Même s’il est bien connu que nul n’est prophète en son pays, Pierre Clerget méritait sans doute tout autre chose que le semi-oubli. Si son nom demeure, tout au moins pour les amateurs éclairés, lié aux moteurs d’aviation à huile lourde (selon les principes de Rudolf Diesel qui accordera un certain intérêt aux travaux de l’ingénieur français), ses réalisations et son existence n’ont jamais fait l’objet d’une étude approfondie et globale. Ingénieur talentueux, Clerget n’aura pas laissé une empreinte à sa mesure. Motoriste d’avant-garde, il équipera plusieurs milliers d’appareils, tant civils que militaires, et surtout réalisera en 1928 un premier moteur d’avion à huile lourde (diesel), sensiblement à la même époque que sortait de chez Junkers le Jumo 205 qui équipa le Do 18. Davantage chercheur qu’industriel madré, Clerget connut une carrière alternant grande renommée et éclipses, avant de perdre la vie en 1943 dans de troublantes circonstances.

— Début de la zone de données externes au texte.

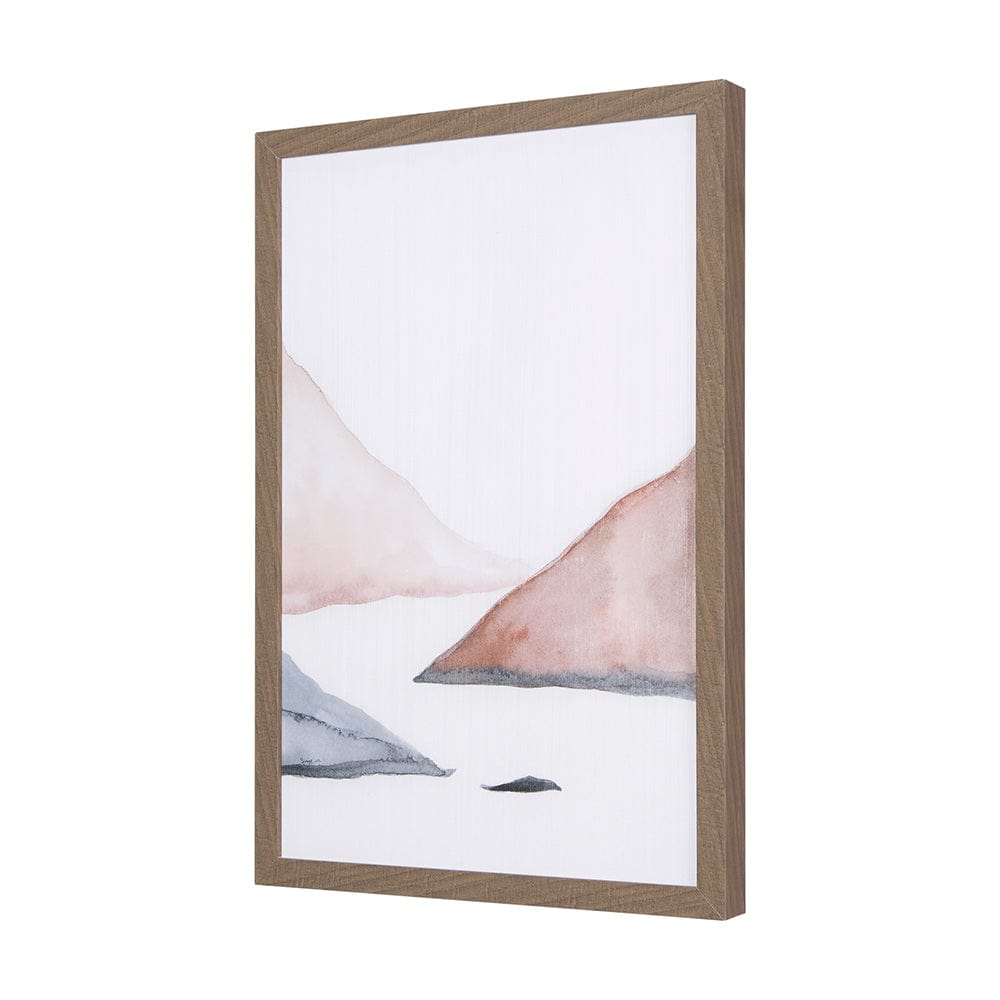 Mercana - Sandy Land I by Mercana Studio a Hand Embellished Textured Framed Art Print - 14213 view 2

Si la littérature aéronautique francophone n’est pas avare en matière de biographies de pilotes, elle se montre bien ladre et ce qui concerne les constructeurs, et davantage encore quant aux ingénieurs et motoristes. Cet ouvrage est donc le bienvenu, d’autant plus qu’il ne manque pas de qualités. Il eût été incongru d’évoquer en profondeur la personnalité et la vie de Pierre Clerget sans aborder ses réalisations. Gérard Hartmann, à qui l’on doit Lioré et Olivier, un grand constructeur aéronautique, a réussi à marier habilement l’aspect humain et le volet technique, ceci de manière vivante et accessible. L’ouvrage est bien documenté, agrémenté de nombreuses photographies d’époque, de croquis et dessins techniques, de tableaux, et pas moins de 95 pages d’annexes, sans compter les indispensables notes de bas de page : un livre tout à fait à la hauteur de son sujet, passionnant et de lecture agréable. Saluons l’entreprise de Gérard Hartmann : rendre sa place à Pierre Clerget, et ce avec sérieux sans aridité ni sécheresse technicienne, est de toute évidence une œuvre salutaire : pari gagné.
Philippe Ballarini
464 pages, 14,5 x 23 cm, couverture souple.
– Préface de Gérard Pommier.
– Postface : Pierre Clerget, mon père, par Marie-Henriette Clerget.
– Coup de cœur Aérobibliothèque 2004.